Он осуждающе покачал головой.
– Вот застукает тебя однажды дед за компьютером, будешь знать.
– Уже застукал. На прошлой неделе. Я не удержалась, дописала в проект приказа по округу один пунктик. – Признание сопровождалось смешливым похрюкиванием.
– Какой пунктик?
– Добровольно сдавшихся в член к пепенцам считать изменниками родины…
– Ты хотела сказать: в плен к чеченцам?
– Да нет же. Именно в член. – Последовала еще одна порция похрюкивания. – Дед сначала орал как оглашенный, а потом хохотал до слез. После того, как я ему слово дала, что больше к его компьютеру не прикоснусь.
– А сама продолжаешь в прежнем духе, – укорил он Лариску.
– Конечно. – Она даже вроде как удивилась.
– Зачем тебе это? У тебя что, собственного компьютера нет? – рассеянно спросил он, пытаясь понять, по какой причине его уши сделались вдруг горячими, а дыхание участилось, как у спешащего куда-то человека.
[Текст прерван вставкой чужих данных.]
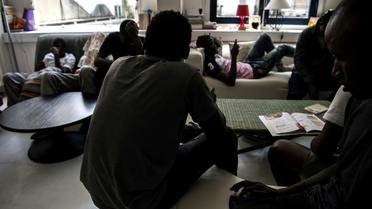 Des migrants dans un centre de Médecins sans Frontières pour mineurs sans famille, le 3 juillet 2018 à Pantin, à la périphérie de Paris [Christophe ARCHAMBAULT / AFP/Archives]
Еще никогда эфемерное понятие миллион долларов не казалось ему столь реальным и доступным, почти осязаемым.
– Почему нет? – удивилась она еще сильнее. – Есть. Только мне нравится делать то, что запрещено. От этого особый кайф получаешь, разве нет?
– Не знаю, не знаю…
– Зато я знаю. Запретный плод всегда сладок. Ты в детстве когда-нибудь за взрослыми подглядывал, когда они, ну это… трахаются?
– Гм, у меня, видишь ли, были несколько иные интересы.
– А у меня те самые. Сколько себя помню. – Зачирикал, засвиристел включенный модем, и через минуту Лариска скомандовала: – Все, можешь поворачиваться.